So, since the Company went from non-profitable to profitable, where did that money come from? The customers are not paying any more, because they would switch to an other carrier in a heartbeat. So the money HAS to come from the workers.
The 3000-miles-a-week guys are coming out ahead. All the rest are coming up short.
Truck drivers are a commodity -- a very expendable commodity. I spent a year in Hen...'s office, hiring the drivers. Very nasty business. I went back on the road.
And for the first time in a couple of decades, in this economy, there is no driver shortage. So the carriers can happily run a revolving door for hopeful "owner-operators".
I just talked to my brother who lives in Norway and used to run a small fleet of delivery vans. He said they do the same shit there. It's in the nature of the industry, the dream of working for yourself, and the vulnerability of the folks who have to resort to truck driving for a living. (Like me.)
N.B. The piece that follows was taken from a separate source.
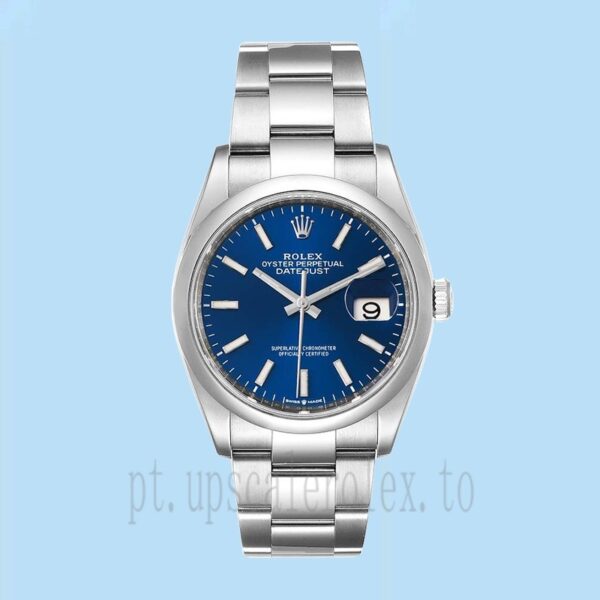 Rolex Datejust m126200-0006 Masculino 36mm Mostrador azul Tom Prata - Image 2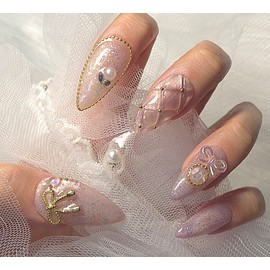 [In-store special discount] Light pink gold point quilting handmade nail tip - short nose pin / [입점초특가할인]연핑크 골드포인트 퀄팅 수제네일팁 - 숏코핀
SOME company drivers get into a good situation. And SOME O/Os do very well. As a company driver at Hen..., I almost made my own rules, because I'm so valuable -- my work is so reliable and cost-efficient. But I work very hard to maintain that standard. So hard, I could not take it any more -- I have not set foot in a truck in 18 months. Luckily, I can go back, part time, anytime I want -- and do their dirty work again, by the mile, loaded and empty. That "dirty work" consists mostly of recovering trucks that drivers have abandoned somewhere in the country. I've picked up trucks in the guys own driveway, in truckstops, drop yards, shopping center lots.... Once in a while the guy hasn't quit, but is being fired -- and nobody told him yet, nor me. Can you say "repo man"?
Being around this work since 1982, I have developed the opinion that there are very few legitimate opportunities for a man with his own truck. And the "one dollar trucks" are at the bottom of the list of the not-so-legitimate.
That concludes today's sermon. As you were.